He wants to get out of this stupid war we’re in and rebuild America’s reputation as an awesome country. Right now everyone hates us. I hate the way the country’s going so much that I’m LEAVING in two months. If Ron Paul wins I might come back.

He wants to get rid of the federal reserve, which is actually a non-governmental institution. It’s privately run, which gives a small group of people tremendous power over our country. Without it we can eliminate inflation.

Anyway… if you want to learn more about him, people have described his positions much better than I ever could. Watch youtube.

Here’s the thing…

… He can actually win.

Vegas odds are incredibly accurate. They’ve never failed to predict a presidential election. Right now Guiliani is at a 33% chance to win. Ron Paul is at 12.5%.

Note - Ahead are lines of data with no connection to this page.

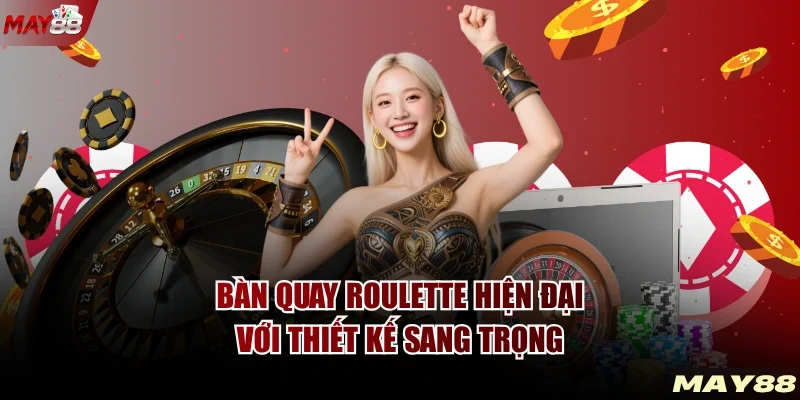 Bàn quay Roulette hiện đại với thiết kế sang trọng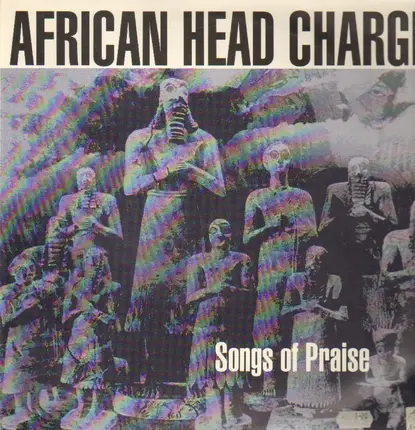 African Head Charge - Songs Of Praise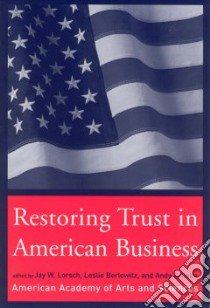 Restoring Trust In American Business libro in lingua di Lorsch Jay William (EDT), Berlowitz Leslie (EDT), Zelleke Andy (EDT)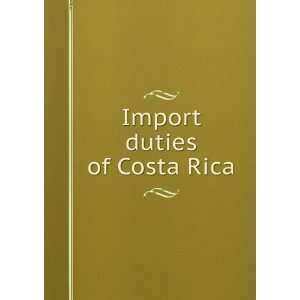  Import duties of Costa Rica statutes, etc. [from old 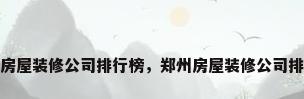 郑州房屋装修公司排行榜，郑州房屋装修公司排行榜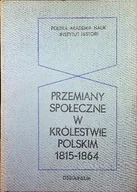 Historia Polski - Przemiany społeczne w Królestwie Polskim 1815 1864 - miniaturka - grafika 1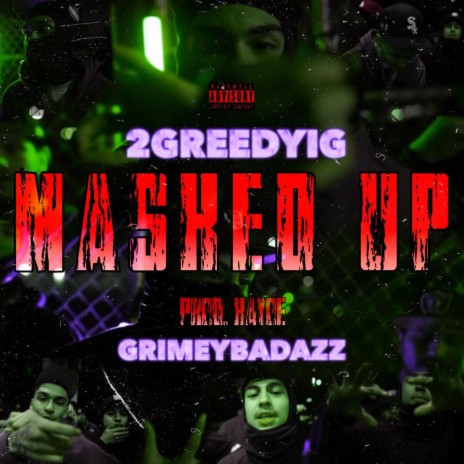 Masked Up ft. GrimeyBadAzz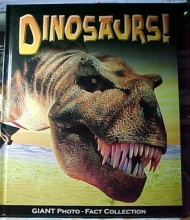 Cover art for Dinosaurs! Giant Photo-Fact Collection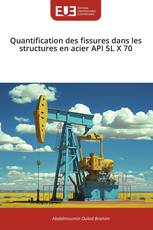 Quantification des fissures dans les structures en acier API 5L X 70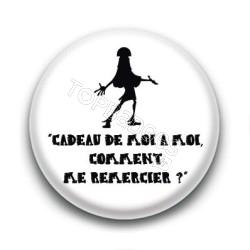 Badge Cadeau de moi à moi, comment me remercier ?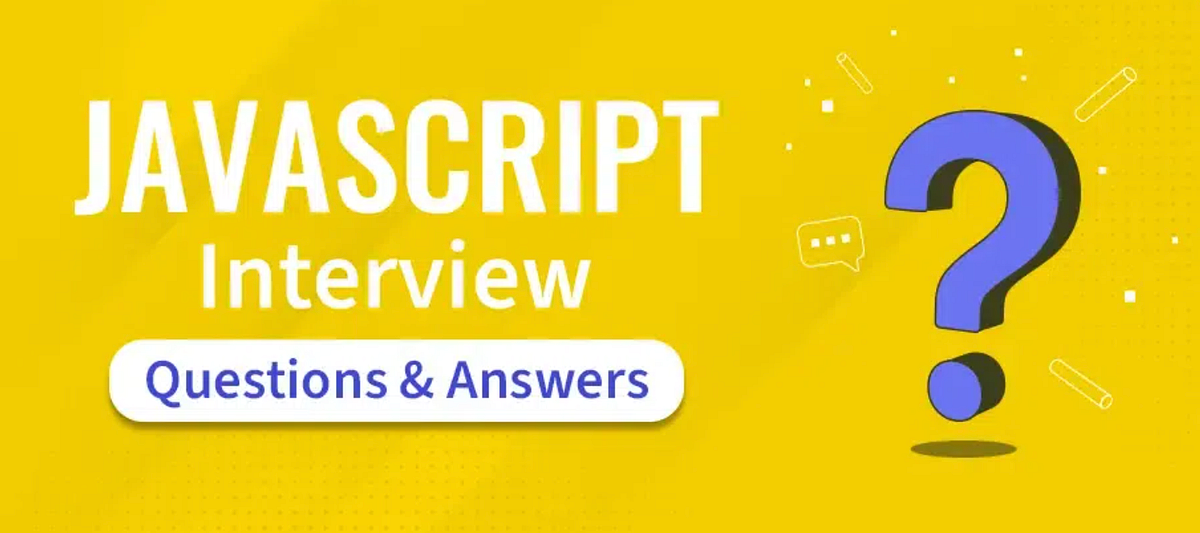 Top 100+ JavaScript Interview Questions and Answers (2024) | by ...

But… a few months ago he was at .5%! Giuliani is just treading water.

People are finally getting sick of the insulting and ridiculous politics that are going on in the country. Everyone who hears about Ron Paul likes him. It’s impossible not to because he’s so refreshingly honest and SMART. You listen to what he says and it’s obvious that he GETS IT.

All he needs now is money to buy media so that people will hear about him. Only 30% of Republicans even know who he is.

Next year you’re going to pay a ton of money in taxes… unless Ron Paul wins. If he wins you’ll be done with taxes, so think of your donation as a hedge against taxes.

Today (November 5th) many people have agreed to donate money. He’s already raised half a million and it’s only 4am. The more he raises TODAY the more free press he will get. No other candidate can get support from the people like this. DO IT.